Zwei zusätzliche USB-Dosen sind ebenfalls in diesem Paket enthalten. Hier gibt sich der Frankia zugeknöpft mit lediglich einem USB-Anschluss im Einstieg. Allerdings waren im getesteten Prototyp noch nicht die regulären Lesespots an den Betten eingebaut, die ebenfalls mit USB-Ports ausgestattet sein sollen. Im Küchenblock ist ein ausreichend großer Regalschrank für Kochgeschirr untergebracht. Die drei Auszüge daneben öffnen per Druck auf die Front. In der Serie werden sie allerdings gegen übliche Drucktastenschlösser getauscht, um eine sichere Zentralverriegelung realisieren zu können. An der Stirnseite des Küchenblocks ist ein nicht allzu großer 70-Liter-Kompressorkühlschrank eingebaut. Praktisch ist die Tür mit Doppelanschlag, die eine bequeme Nutzung von drinnen und draußen möglich macht. Flexibel zeigt sich auch das sieben Liter fassende Gefrierabteil. Die Abtrennung kann mit einem Handgriff entnommen und somit der Kühlraum vergrößert werden.

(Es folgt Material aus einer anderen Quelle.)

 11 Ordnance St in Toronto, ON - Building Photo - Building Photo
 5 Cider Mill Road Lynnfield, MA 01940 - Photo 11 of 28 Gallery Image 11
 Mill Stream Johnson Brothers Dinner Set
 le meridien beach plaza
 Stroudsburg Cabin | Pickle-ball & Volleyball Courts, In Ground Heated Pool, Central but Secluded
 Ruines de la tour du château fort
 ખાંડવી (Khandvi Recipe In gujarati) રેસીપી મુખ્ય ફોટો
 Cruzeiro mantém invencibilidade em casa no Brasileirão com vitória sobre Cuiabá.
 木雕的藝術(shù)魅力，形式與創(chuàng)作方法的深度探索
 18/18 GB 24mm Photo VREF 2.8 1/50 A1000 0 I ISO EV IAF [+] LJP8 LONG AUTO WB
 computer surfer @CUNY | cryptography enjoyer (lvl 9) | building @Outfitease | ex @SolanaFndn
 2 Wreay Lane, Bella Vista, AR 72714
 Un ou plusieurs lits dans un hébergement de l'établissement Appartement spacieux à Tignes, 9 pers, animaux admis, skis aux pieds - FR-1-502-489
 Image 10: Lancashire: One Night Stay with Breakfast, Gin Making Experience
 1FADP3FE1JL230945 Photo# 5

Die fehlende Rücksitzbank führt zu Punktabzug im Wohnkapitel, denn im Yucon können so nur zwei Personen reisen. Der Tisch schmiegt sich direkt an den Sanitärraum. Mit 46 Zentimeter Breite und 70 Zentimeter Länge ist er nicht der Größte, lässt sich aber noch mittels einer drehbaren Zusatzplatte auf rund 1,15 Meter verlängern. Das funktioniert allerdings nur bei zuvor gedrehten Fahrerhaussitzen. Dabei macht sich einmal mehr das schmale Sprinter-Fahrerhaus negativ bemerkbar. Während des Drehvorgangs muss man mehrmals den Sitz vor- und zurückschieben, um an B-Säule, Türverkleidung und Lenkrad vorbeizukommen und in einer bequemen Endposition zu landen. Ist alles umgebaut, können zwei Personen passabel am Tisch sitzen, zumal dieser auch in der Höhe verstellbar ist. Übermäßig komfortabel ist es insgesamt allerdings nicht, und wenn man etwas aus der Küche braucht, muss man sich gelenkig um den Tisch falten. Gut ist dabei, dass der Nachschub an Kaltgetränken aus dem Kühlschrank vom Beifahrersitz aus direkt klappt.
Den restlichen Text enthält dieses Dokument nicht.